The Finance Ministry is in the process of writing up regulations for the implementation of tax deductions for research and development (R&D) and labor-intensive industries. 

The head of the state revenue department at the Finance Ministry’s Fiscal Policy Agency, Syarif Ibrahim, said in Jakarta on Tuesday that the ministry should carefully formulate the regulations to ensure companies would not use loopholes to avoid paying taxes.

“We have to be careful to avoid a moral hazard,” he told the press. He expressed hope the drafting of the R&D regulation could be completed by next year. Meanwhile, a ministerial regulation on tax deductions in labor-intensive industries will also be issued by year-end.
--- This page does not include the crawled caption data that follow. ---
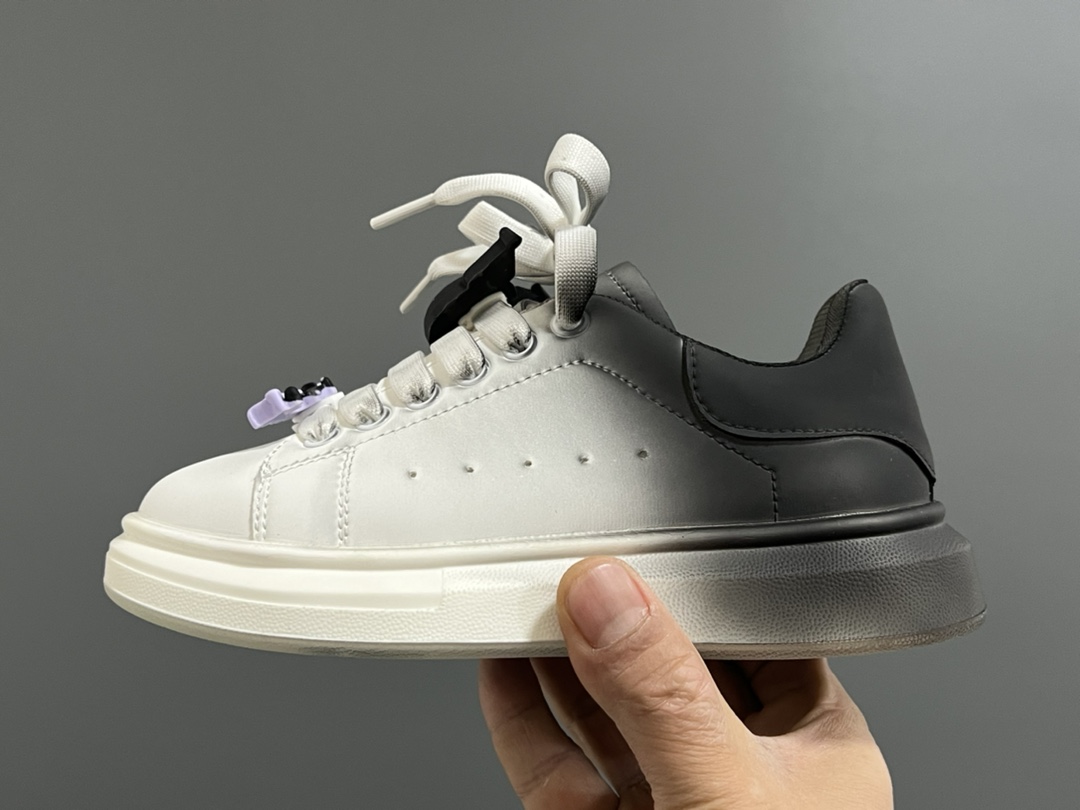 图片[4]-麦昆新款卡通魔术贴儿童板鞋 尺码：26-37码 精致可爱的小熊🐻挂件 经典麦昆款式❤️ 魔术贴设计，穿脱超级方便✌🏻 橡胶耐磨防滑大底✔️-选品中心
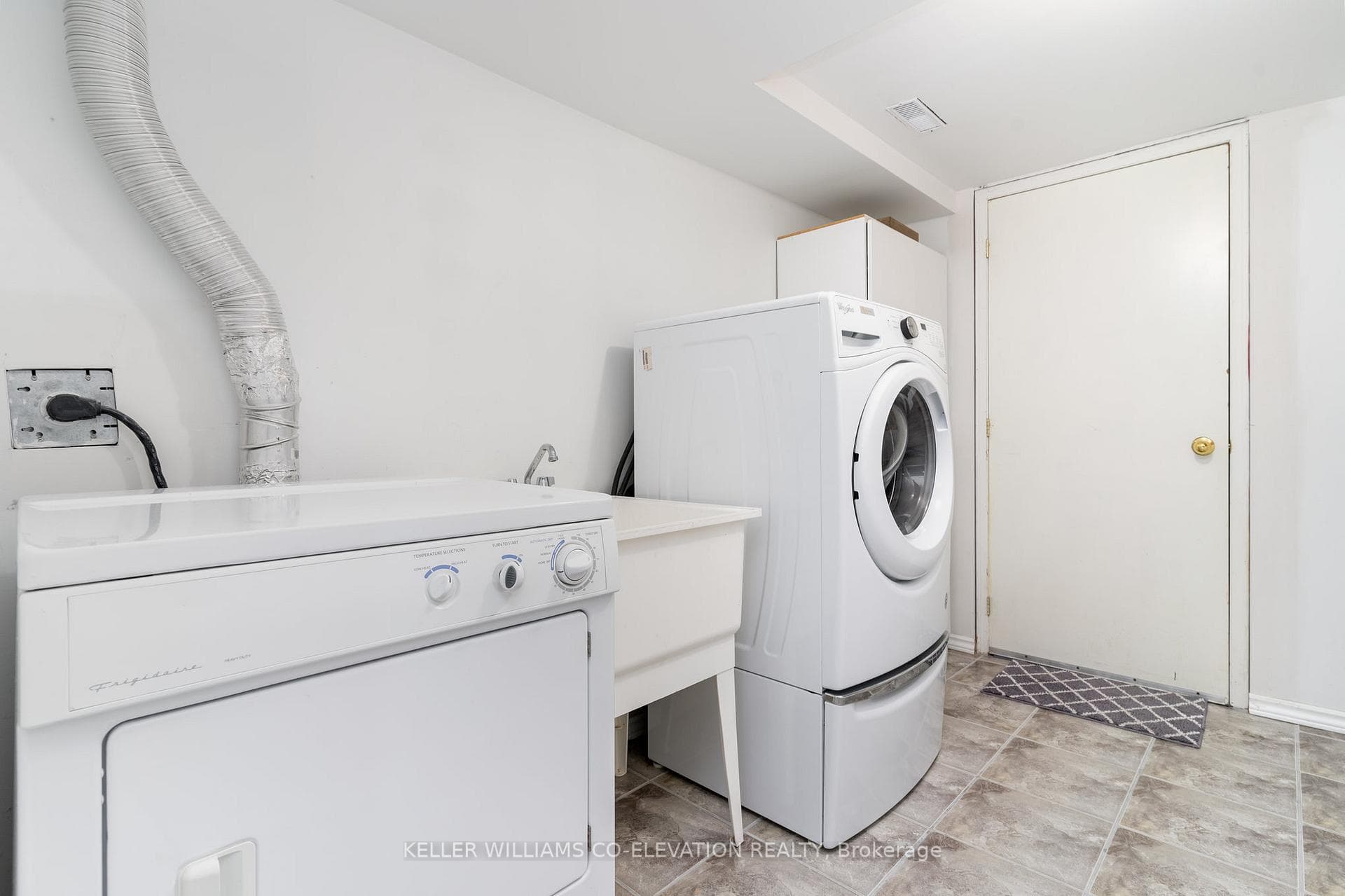168 Bean Crescent photo 27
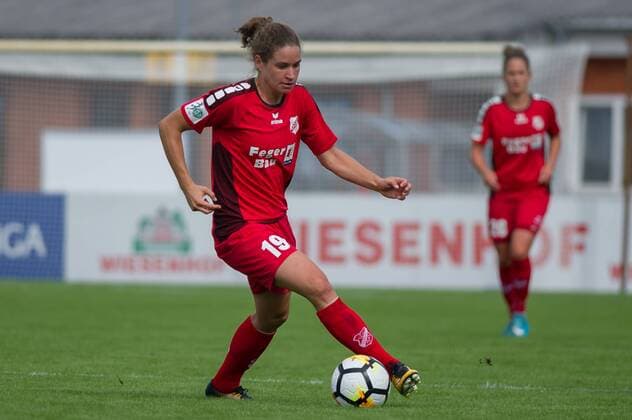 Nina Burger (SC Sand, 19) am Ball, Einzelbild, Aktion, Action, Fussball, Allianz Frauen-Bundesliga, SV Werder Bremen - SC Sand, xobx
The tax incentives, which policymakers refer to as super tax deductions, are stipulated in Government Regulation (PP) No. 45/2019 on the calculation of taxable income and income tax payments in the current year, which was issued in June, this year.

Under Article 29A of the regulation, investors who open a new business or expand their existing businesses in labor-intensive sectors are allowed to offset 60 percent of the capital they invest from their taxable net income.

Under Article 29B, companies that provide training programs, internships and/or educational activities to develop human resources in certain competencies can cut the their taxable gross income by up to 200 percent of the funds they spend on the activities.

Meanwhile, under Article 29C of the new regulation, companies that conduct R&D in Indonesia are allowed to cut their taxable income by up too 300 percent of the cost of their R&D activities. Such deductions would significantly reduce their tax payments.